**WHAT IS REQUIRED:**
Please repeat the entire listing verbatim and keep the pictures out.

**STORED DATA:**
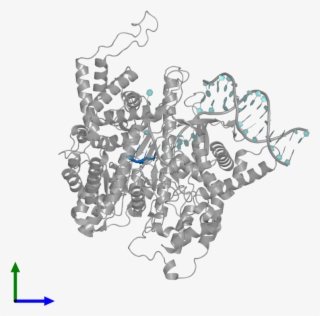 <div Class='caption-body'>pdb Entry 1qln Contains 1 - Graphic Design #4885759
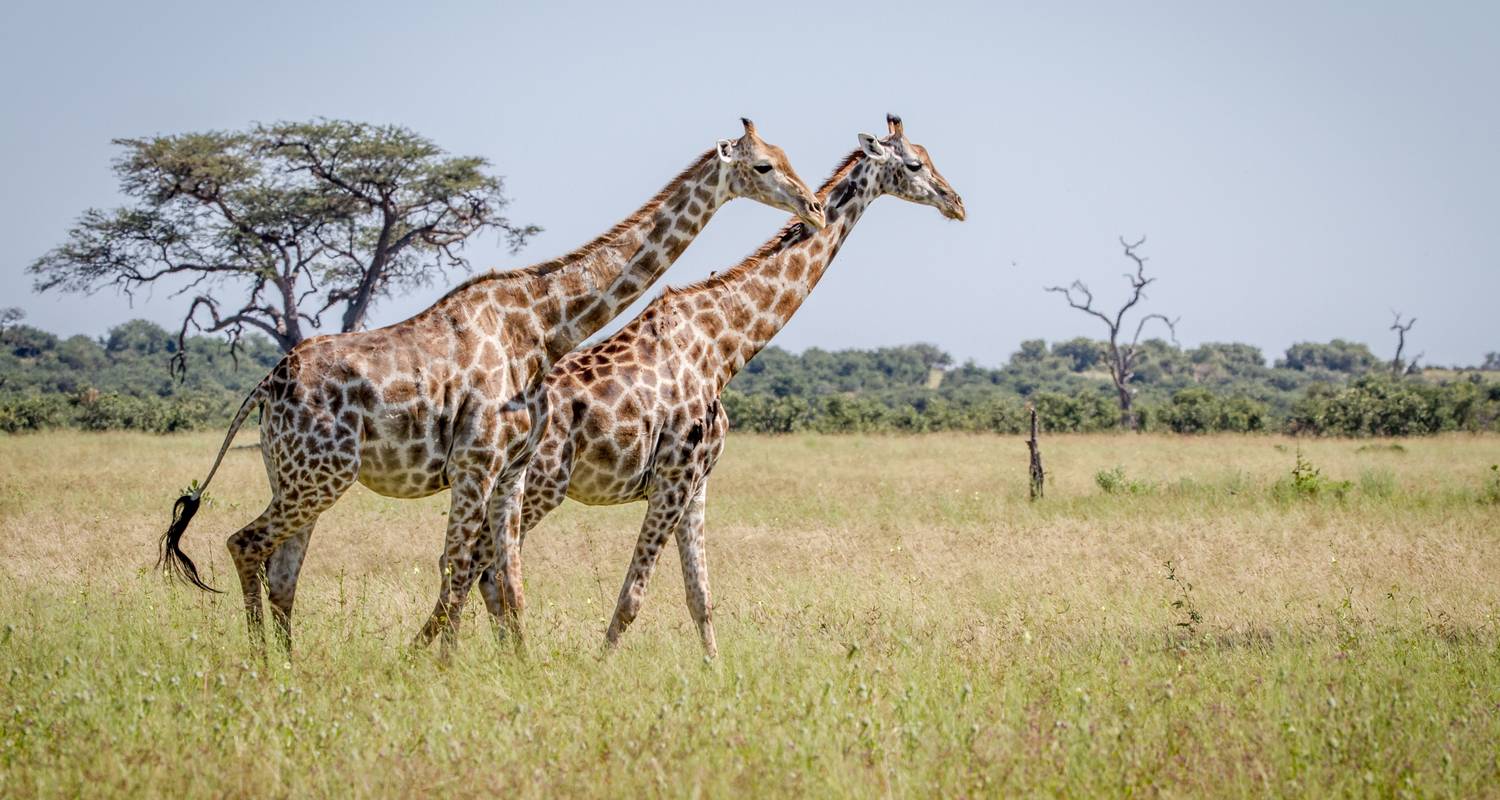 Acampada circuitos en Reserva de Caza de Moremi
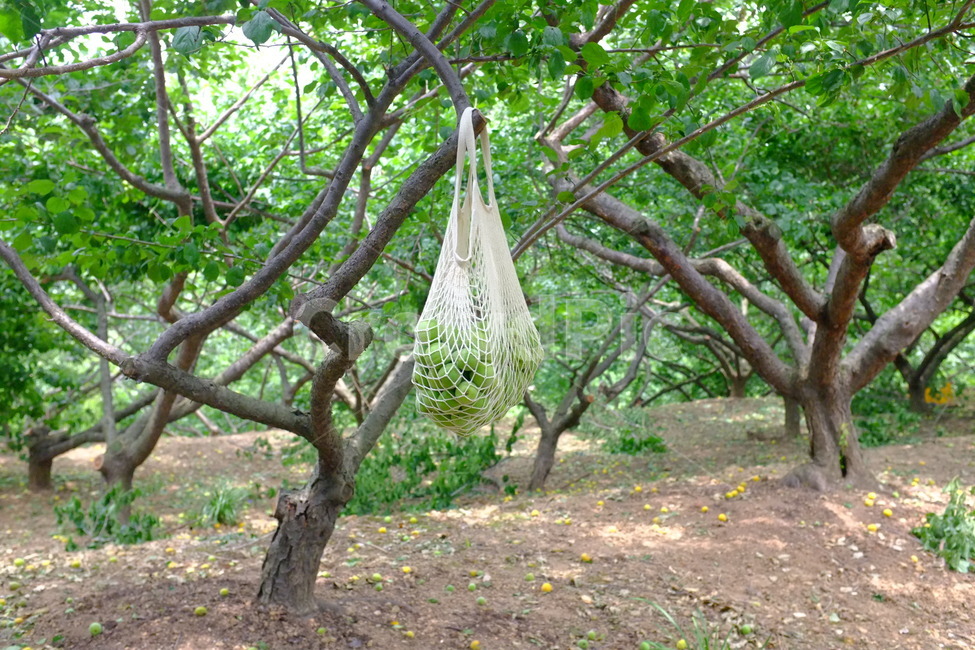 매실밭,매실,초록매실,청매실,plant,식물,tree,나무,plum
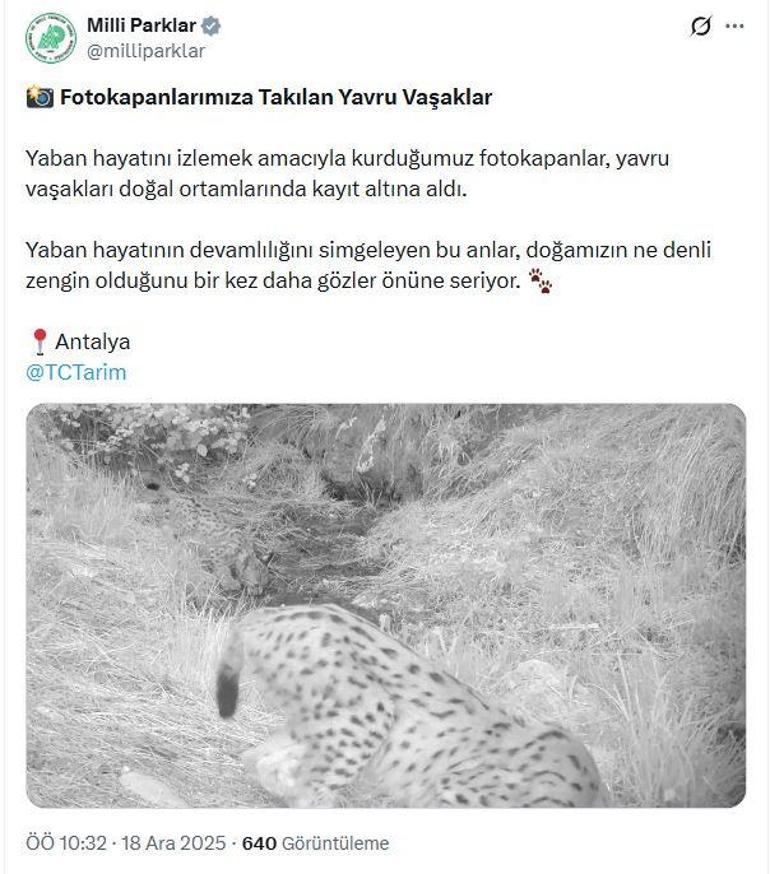 Antalyadaki yavru vaşaklar fotokapanda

**EXERCISE RESULT:**
 <div Class='caption-body'>pdb Entry 1qln Contains 1 - Graphic Design #4885759
 Acampada circuitos en Reserva de Caza de Moremi
 매실밭,매실,초록매실,청매실,plant,식물,tree,나무,plum
 Antalyadaki yavru vaşaklar fotokapanda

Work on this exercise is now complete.